[[ INPUT FOR THIS TASK, beginning ]]

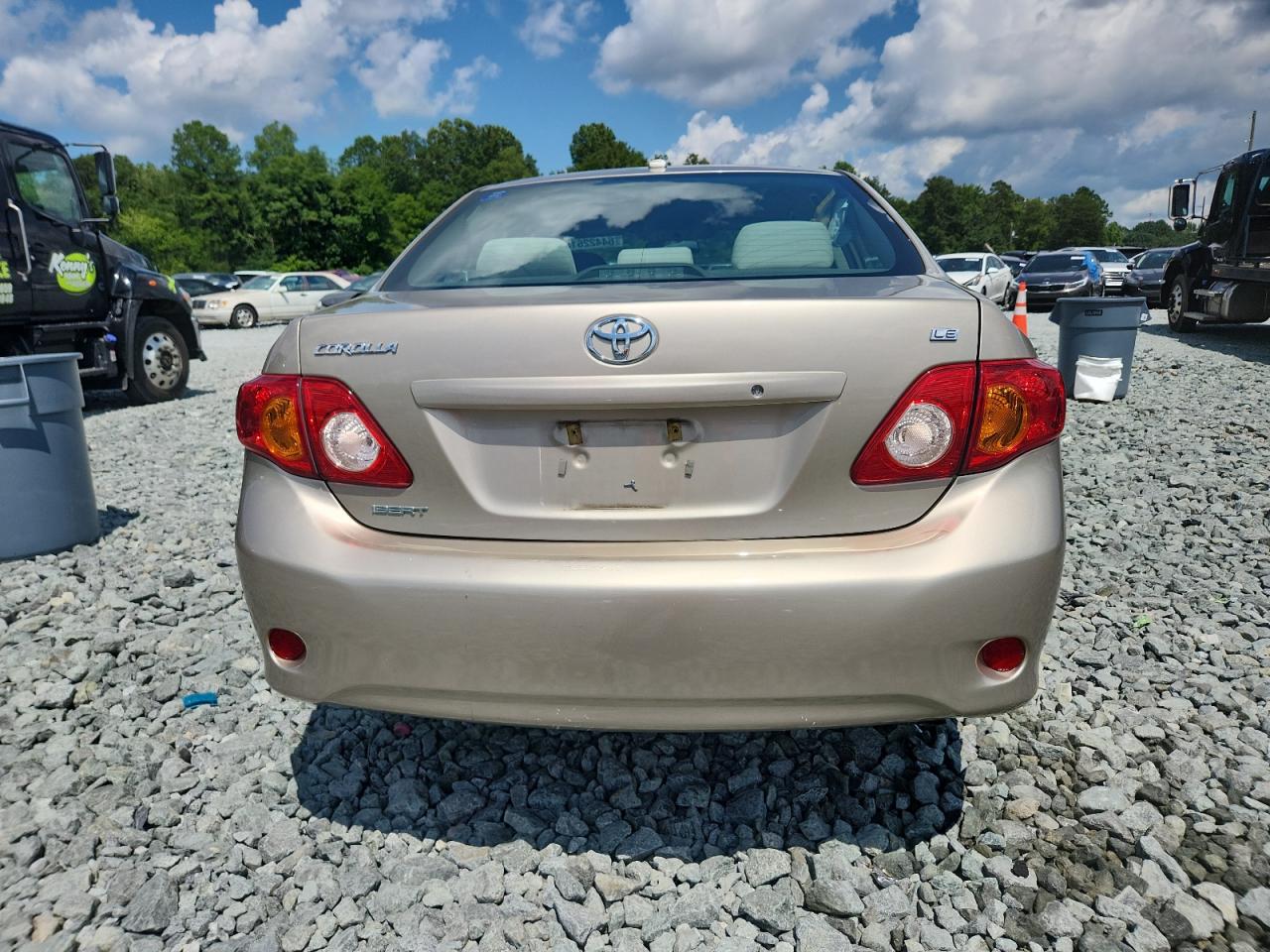 2009 Toyota Corolla Base VIN: 2T1BU40E19C127116 Lot: 64422615
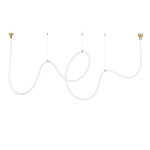 Lampa wisząca SNAKE LED wąż ledowy złota 500 cm - zdjęcie produktu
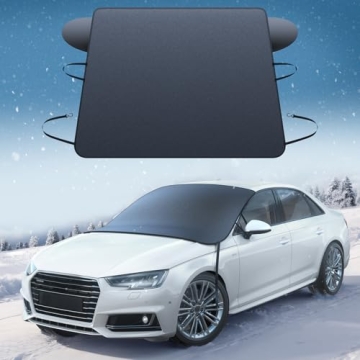 Lamicall Windshield Cover for Ice and Snow - Magnetic Fit, Waterproof Heavy Duty 800D Oxford Fabric,...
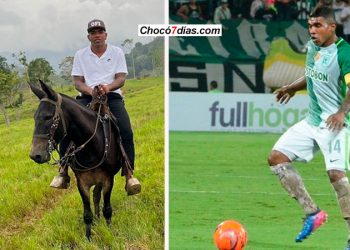 Elkin Blanco dejó el fútbol y trabaja en el campo en Acandí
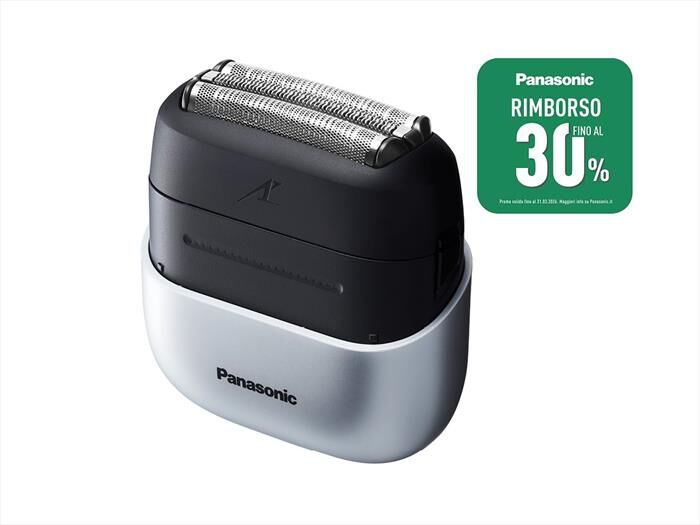 PANASONIC - Rasoio compatto 3 lame ES-CM3B-Nero/Silver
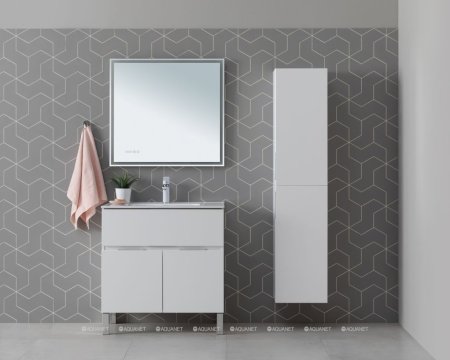 Пенал Aquanet Алвита New 35 белый матовый 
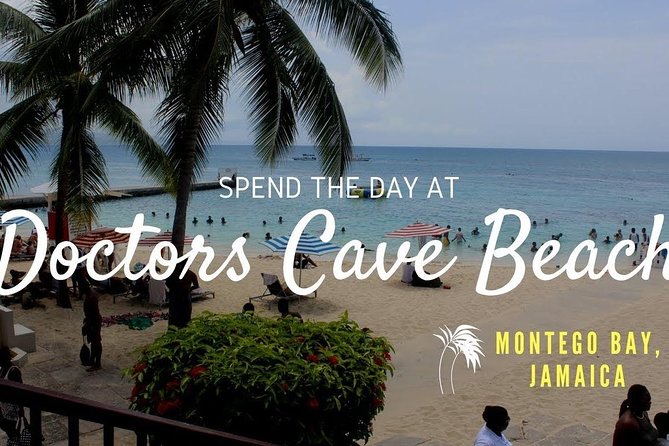 Doctor's Cave Beach and Shopping - Riding with a private Montego Bay driver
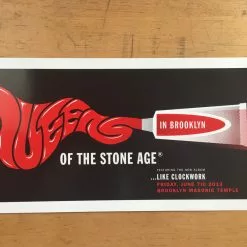 Queens Of The Stone Age - 2013 Kii Arens Poster Brooklyn New York QOTSA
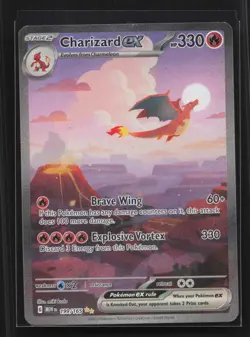 Pokemon TCG Scarlet & Violet 151 #199/165 Charizard ex Special Illustration Rare - Image 1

[[ INPUT FOR THIS TASK, end ]]

▸ ACTIVITY
When copying from the data above, begin at the line containing "PANASONIC - Rasoio" and end at the line containing "Queens Of The"; return those lines exactly and leave all pictures behind.

▸ REPLY TO THE EXERCISE
 PANASONIC - Rasoio compatto 3 lame ES-CM3B-Nero/Silver
 Пенал Aquanet Алвита New 35 белый матовый 
 Doctor's Cave Beach and Shopping - Riding with a private Montego Bay driver
 Queens Of The Stone Age - 2013 Kii Arens Poster Brooklyn New York QOTSA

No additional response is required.